There is a whole chapter on "Analphabetic Symbols" ((Bringhurst, 2004. Chapter 7, 75-92)
Resourcessfulness. The use of analphabetic symbols as linguistic repertoire,
Approached through the scribal and typographic tradition, the palette of analphabetic symbols is much more supple and expressive than it appears through the narrow grill of the typewriter keyboard. A typographer will not necessarily use more analphabetic symbols per page than a typist. In fact, many good typographers use fewer. But even the most laconic typographer learns to speak this sign language with an eloquence that conventional editing software, like the typewriter, seems to preclude.
(Bringhurst, 2004:75. In 5. Analphabetic Symbols; 5.1 Analphabetic style.)
The visible invisibility of the marks of punctuation, which is essential to their function, depends on these details. So, therefore, does the visible invisibility of the typeface as a whole. In the republic of typography, the lowliest, most incidental mark is also a citizen.
(Bringhurst, 2004:77)
Symbols that make it to the usual character set, based on availability?
Typographers got by quite well for centuries without quotation marks. In the earliest printed books, quotation was marked merely by naming the speaker — as it still is in most editions of the Vugate and King James Bibles. In the High Renaissance, quotation was generally marked by a change of font: from roman to italic or the other way around. Quotation marks were first cut in the middle of the sixteenth century, and by the seventeenth, some printers liked to use them profusely. In books from the Baroque and Romantic periods, quotation marks are sometimes repeated at the beginning of every line of a long quotation. When these distractions were finally omitted, the space they occupied was frequently retained. This is the origin of the indented block quotation. Renaissance block quotations were set in a contrasting face at full size and full measure.
(Bringhurst, 2004:86)
Typographic ethnocentricity, institucionalized in the workings of machines,
Typography was once a fluently multilingual and multicultural calling. The great typographer of the fifteenth and sixteenth centuries worked willingly with North Italian whiteletter, Italian or German blackletter, French script, Ashkenazi and Sephardic Hebrew, orthotic and cursive and chancery Greek. The best typographers of the twentieth century have followed their lead. But typographic ethnocentricity and racism also have thrived in the last hundred years, and much of that narrow-mindedness is institutionalized in the workings of machines. Unregenerate, uneducated fonts and keyboards, defiantly incapable of setting anything beyond the most rudimentary Anglo-American alphabet, are getting scarcers but are still not difficult to find.
(Bringhurst, 2004:89-90)
The luxury of creating special characters, possible in the seventeenth century and now,
Recent digital technology [the book was first published in 1992] has made it possible for any typographer to create special character on demand — a luxury most have been without since the seventeenth century. Prepackaged fonts of impeccable design, with character sets sufficient to set any word or name in any European and many Asian languages, and the software to compose and kern these characters, are also now available even to the smallest home and desktop operations.

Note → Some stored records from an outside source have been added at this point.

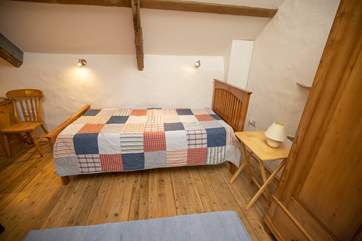 The mezzanine area has a single bed. Owing to it being a bed on the open mezzanine level this room would suit a teenager.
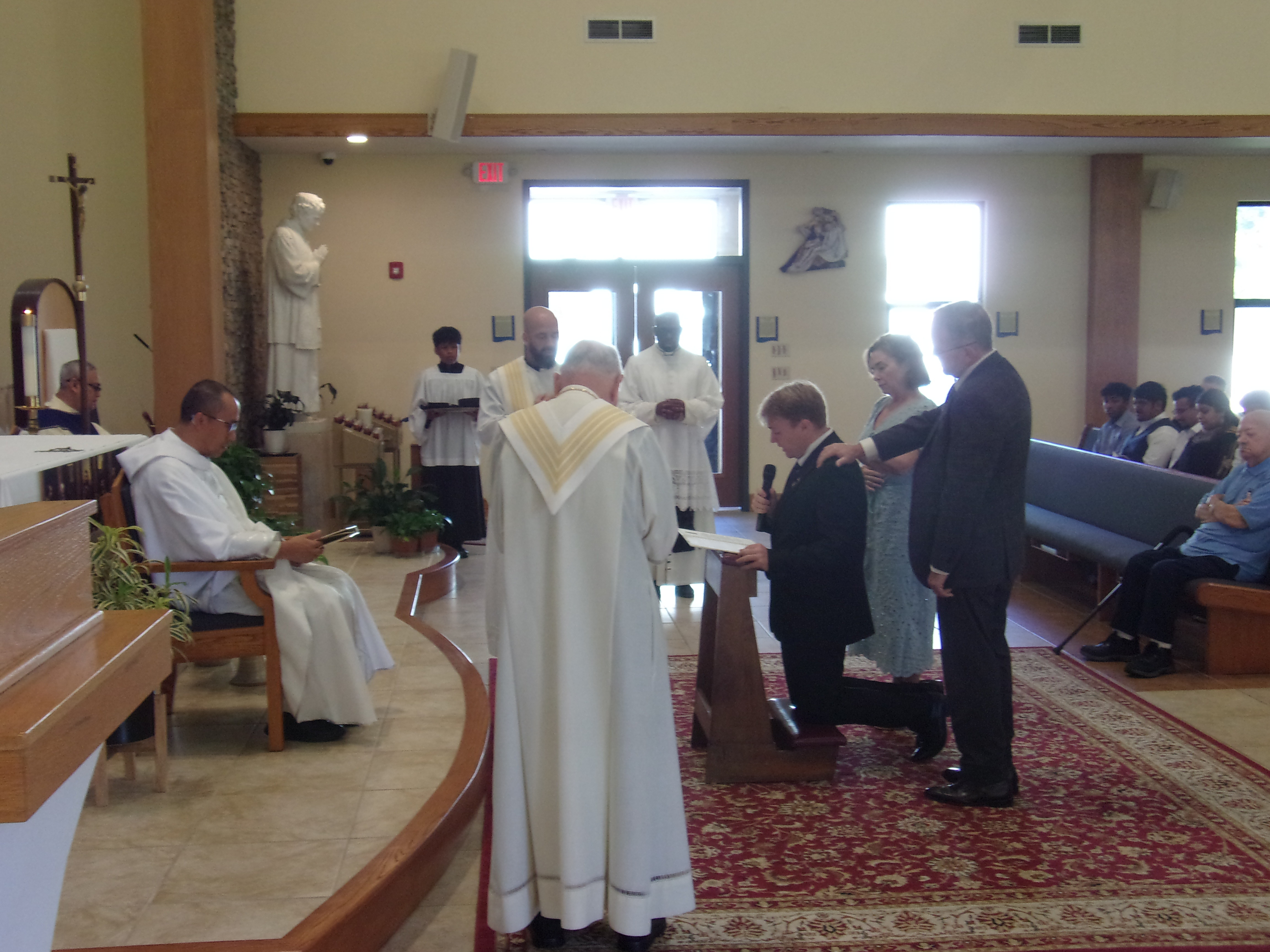 Bro. Timothy Hughes, supported by his parents Regina and Patrick, makes his first profession before Fr. Dominic Tran, witnessed by Frs. Steven DeMaio and Patrick Angelucci. 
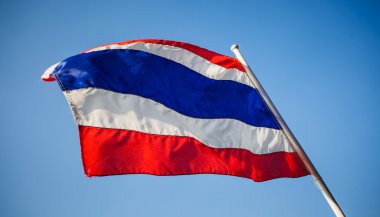Mavi gökyüzü arka plan ile Tayland Tayland bayrağı sallayarak resim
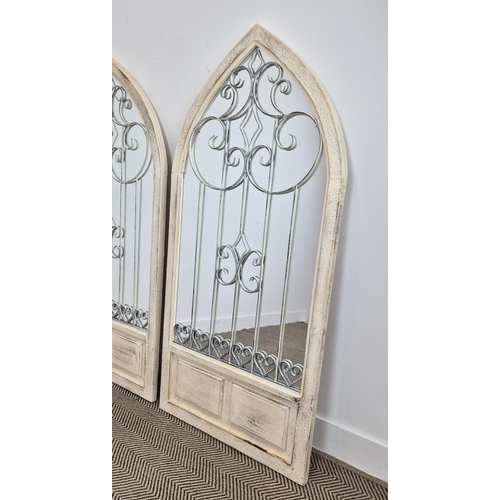 327 - ARCHITECTURAL WALL MIRRORS, a pair, with white arched frames, 140cm H x 67cm. (2)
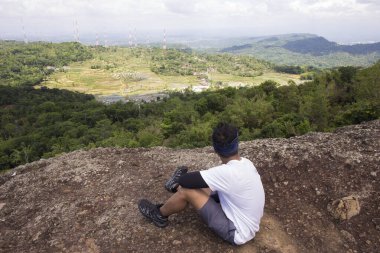 Sırt çantalı bir adam dağlarda tek başına seyahat ediyor. 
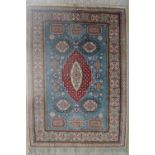 A silk rug with a blue ground and medallions to multiple guard stripes and fringes,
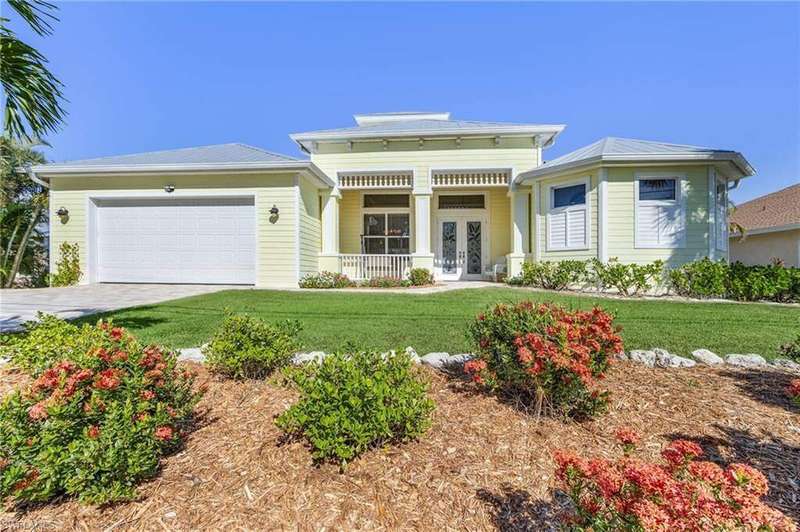 View of front of home with a porch, French doors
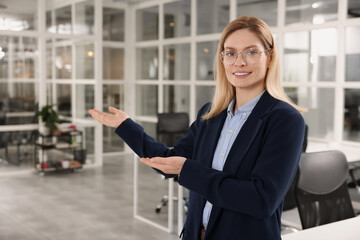 Happy female real estate agent in office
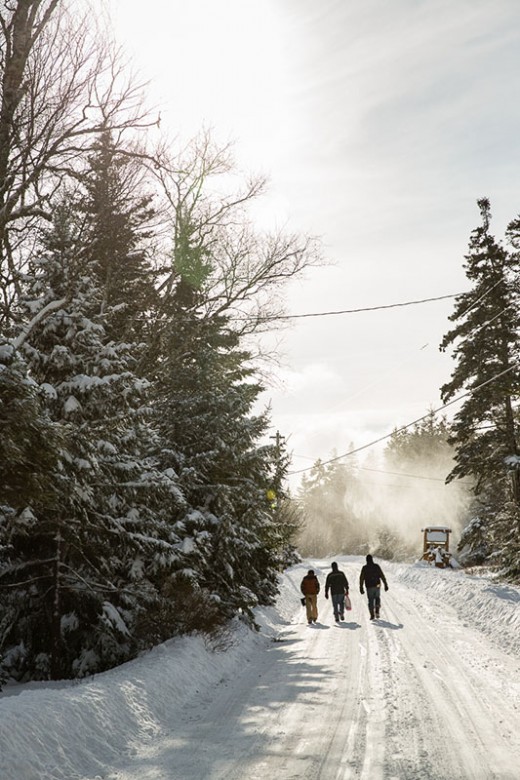 Crew members from the Sunbeam walking to visit residents on Isle au Haut's snowy back roads.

Yet there are large-circulation newspapers in North Americal still unwilling to spell correctly even the names of major cities, composers and statesmen, or the annual list of winners of the Nobel Prize, for fear of letters like ñ and é.
(Bringhurst, 2004:90)
Advice on remapping the font or keyboard, 
5.5.2 Remap the font driver and keyboard to suit your own requirements [the book was first published in 1992]
The conventional computer keyboard includes a number of characters - @ # ^ + = { } | \ ~ < > - rarely required by most typesetters, while frequently needed character, such as the en dash, em dash, acute accent, midpoint and ellipsis, are nowhere to be seen. Unless your keyboard fits your needs as is, remap it. It should give you ready access to whatever accented and analphabetic characters you regularly use.
Unless your composition software places ligatures automatically, you may find it easiest to insert them through a substitution routine after the text is fully set. Some typorraphers, howerver, (and I am one of them) prefer to rearrange their fonts or keyboards so that all the basic ligatures are accessible directly from the keyboard, as they are on a Monotype machine. Open and close quotes can also be inserted through substitution routines, but most typing and typesetting software will insert them automatically. (This means, of course, that in words or names such as Dutch ’s-Hertogenbosch or Navajo ’Áshᶖᶖh ’Asdzáán, the software will always make the wrong choice, which the typographer must then correct by hand — or through yet another search-and-replace routine.)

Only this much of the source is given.